In addition to the legal prohibition against possessing firearms, a judge may order that you not be allowed to possess guns as a condition of probation. The statute addressing conditions of probation is found at Michigan Compiled Laws § 771.3.  This law sets forth all the things a judge must order as a condition of probation and this list does not include firearms.  However, there are many things not specifically listed that may be ordered as a condition of probation at sentencing, and this includes your gun rights.  After all, the judge is only ordering you to be in compliance with existing law.

This brings us directly this specific question: if you are on probation and your spouse or someone else you live with owns firearms, must they give them up as well? And what does giving up the guns entail; do they have to be removed from the home, or can the guns be locked in a safe kept at the home?  To answer these questions it is necessary to consider the definition of the term “possession.”  Even though this may seem like a simple word to define, the legal definition is actually quite complicated.

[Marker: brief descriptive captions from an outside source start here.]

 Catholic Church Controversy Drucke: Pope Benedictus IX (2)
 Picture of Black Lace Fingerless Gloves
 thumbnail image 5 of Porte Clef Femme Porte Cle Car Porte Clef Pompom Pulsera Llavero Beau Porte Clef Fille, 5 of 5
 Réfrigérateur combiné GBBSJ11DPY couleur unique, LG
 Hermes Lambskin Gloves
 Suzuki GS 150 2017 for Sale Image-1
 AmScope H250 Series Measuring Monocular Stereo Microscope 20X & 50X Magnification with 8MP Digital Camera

According to Michigan case law, “possession” is defined as[i] “‘1. [t]he fact of having or holding property in one’s power; the exercise of dominion over property. 2. [t]he right under which one may exercise control over something to the exclusion of all others; the continuing exercise of a claim to the exclusive use of a material object.’”[ii]. In general, “possession is either actual or constructive.” [iii]“ ‘[A] person has constructive possession if he “knowingly has the power and the intention at a given time to exercise dominion or control over a thing, either directly or through another person or persons….” ’ ”[iv].

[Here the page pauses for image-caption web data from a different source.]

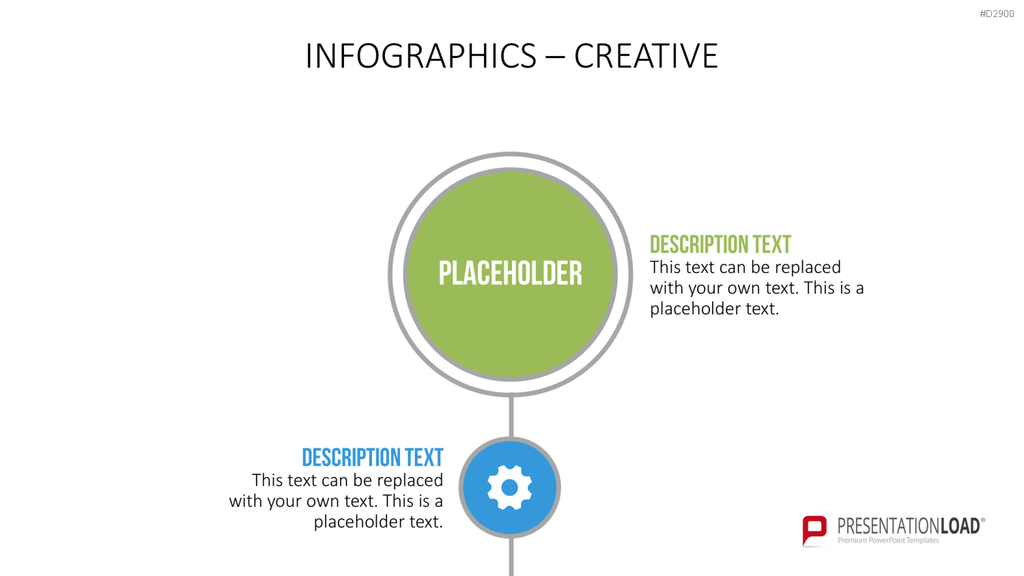 Infografiken Kreativ PowerPoint-Vorlage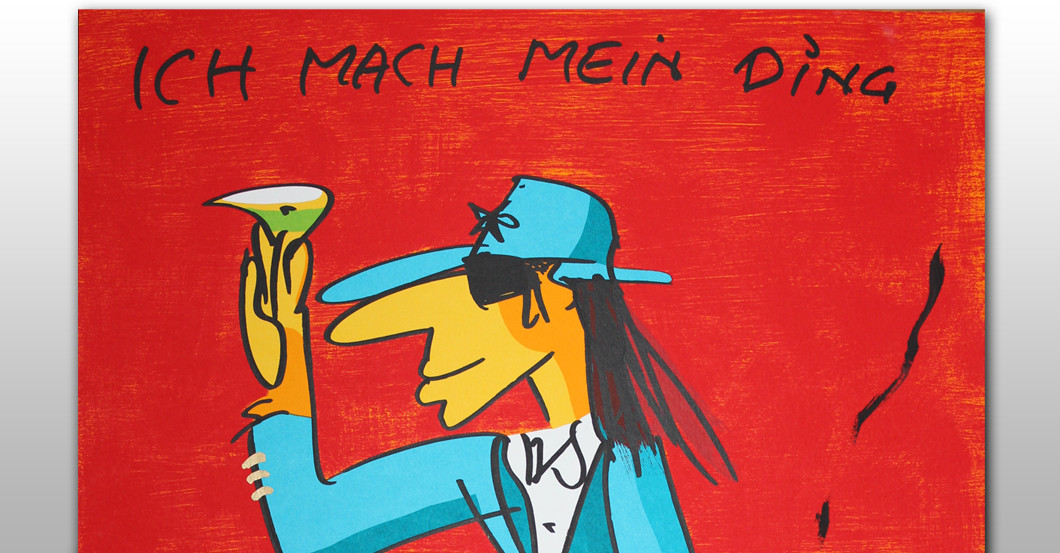  Udo Lindenberg Grafik  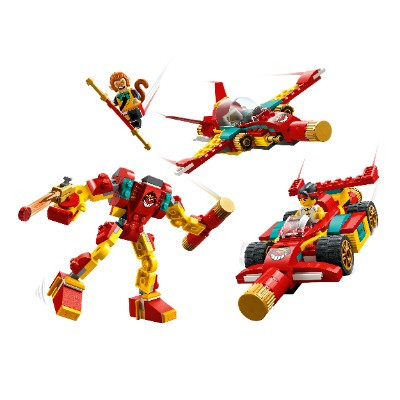 Конструктор LEGO Monkie Kid 80030 Творения посоха Манки Кида в Туле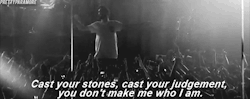 prettyparamore:  A Day To Remember // Sometimes Youre The Hammer, Sometimes Youre The Nail  This is what I live by.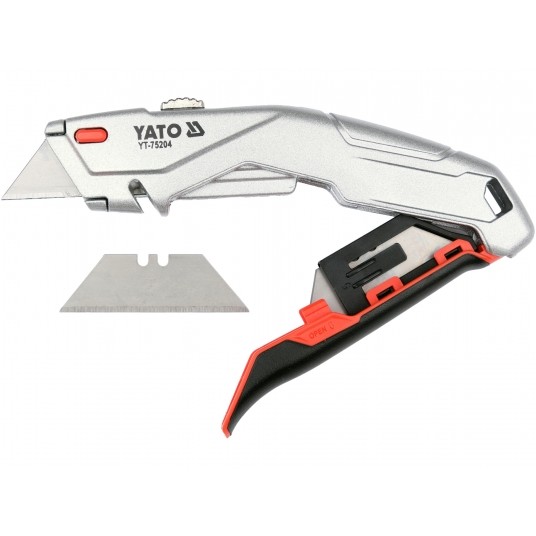 NOŻYK Z WYSUWANYM OSTRZEM TRAPEZOWYM -zdjęcie numer 5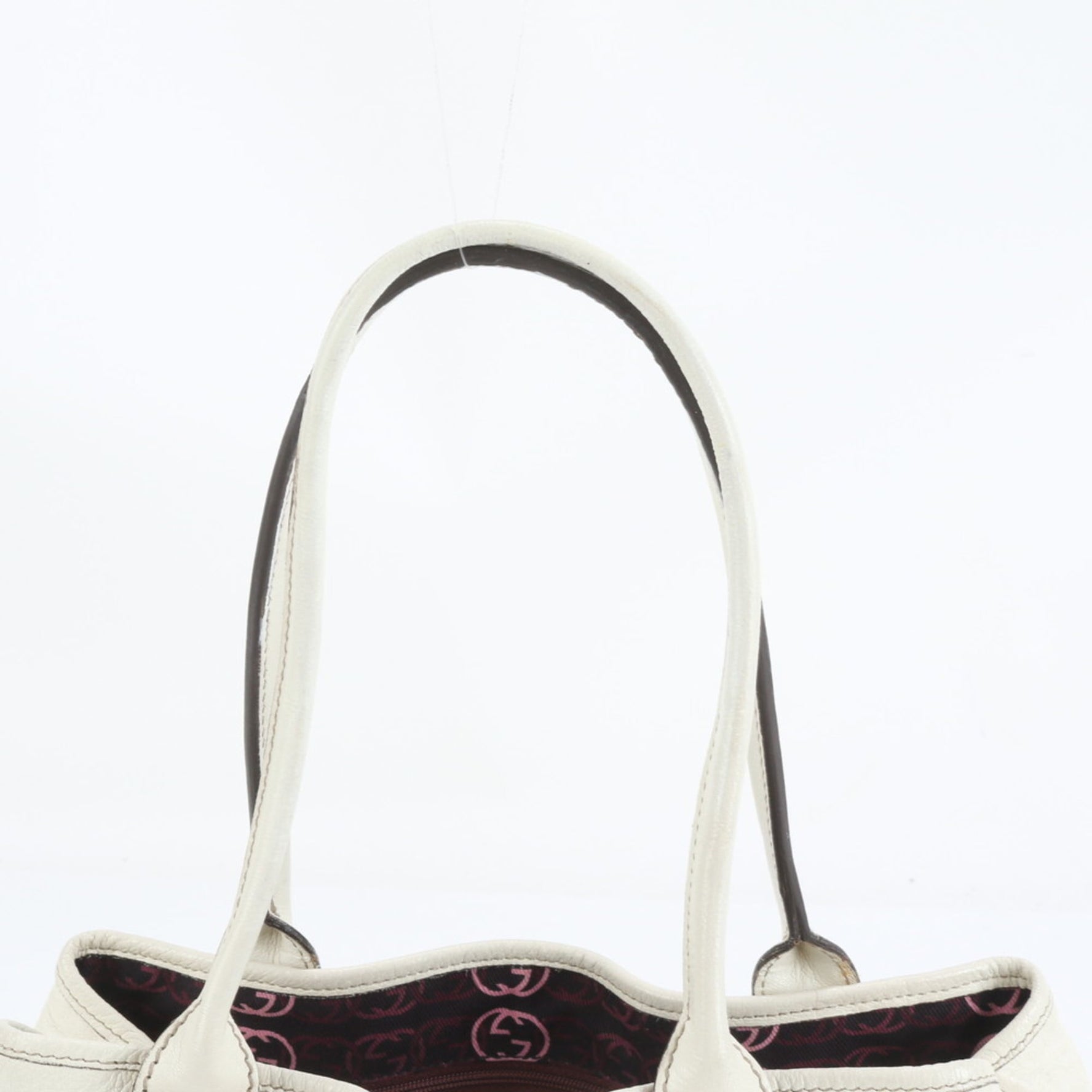 Gucci Sherry Ribbon Princess Leather Tote Bag, Shoulder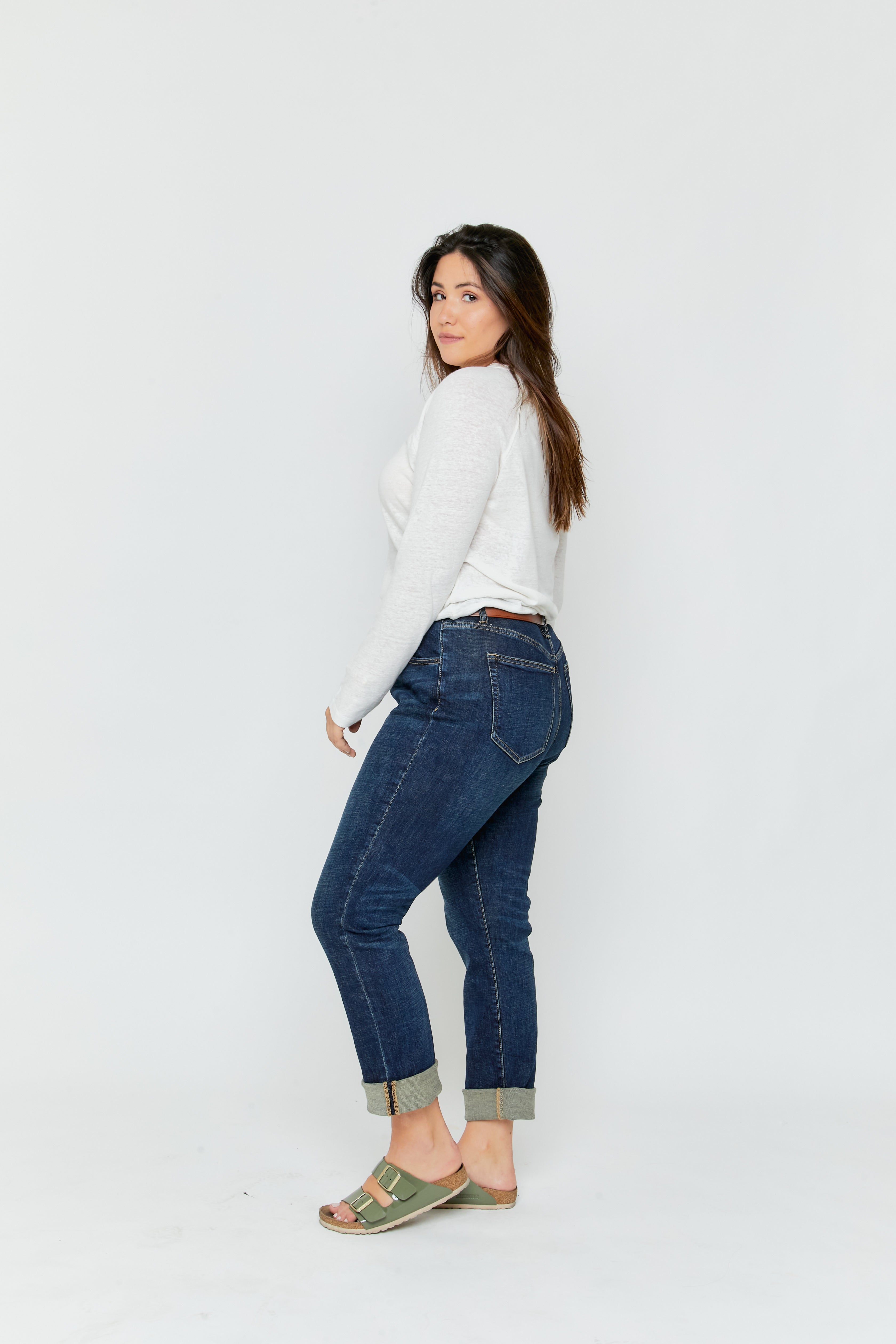 Crosby Mid Rise Relaxed Taper Ralph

Keeping the guns locked in a safe may not be enough to preclude prosecution for felony possession of a firearm while on probation.  A web page from Ionia County sets forth their “zero tolerance” gun policy and makes this explicit.  If you are on probation elsewhere, and your County does not have a zero-tolerance gun policy, then it is still best to check with your probation officer for further guidance. Don’t assume you can keep the guns without checking with your probation officer.  If you’re not happy with the information given to you, or can’t reach your probation officer, then you may want to retain a lawyer to assist you.  Obtaining clarity around this issue is especially important considering that raising a “defense” to a prosecution such as that you were not in possession of firearms kept sequestered within a home where you lived, Michigan Compiled Laws suggests that you will have the burden of proving that this exception applies.  Specifically, MCL § 776.20 provides:

In any prosecution for the violation of any acts of the state relative to use, licensing and possession of pistols or firearms, the burden of establishing any exception, excuse, proviso or exemption contained in any such act shall be upon the defendant but this does not shift the burden of proof for the violation.

If you have been convicted of a felony in Michigan, then until your firearms rights are restored, it is best for you to stay as far away as possible from firearms of all kinds.  Otherwise, you may be placing yourself at risk of not only a violation of probation but of new felony charges.  A conviction for either could send you back to jail.


[i] People v. Mar., 499 Mich. 389, 415–16, 886 N.W.2d 396, 411–12 (2016).

[ii] People v. Flick, 487 Mich. 1, 12, 790 N.W.2d 295 (2010), quoting Black’s Law Dictionary (7th ed.)

[iii] Id. at 14, 790 N.W.2d 295.

[iv] Id., 412 quoting People v. Hill, 433 Mich. 464, 470, 446 N.W.2d 140 (1989) (citation omitted).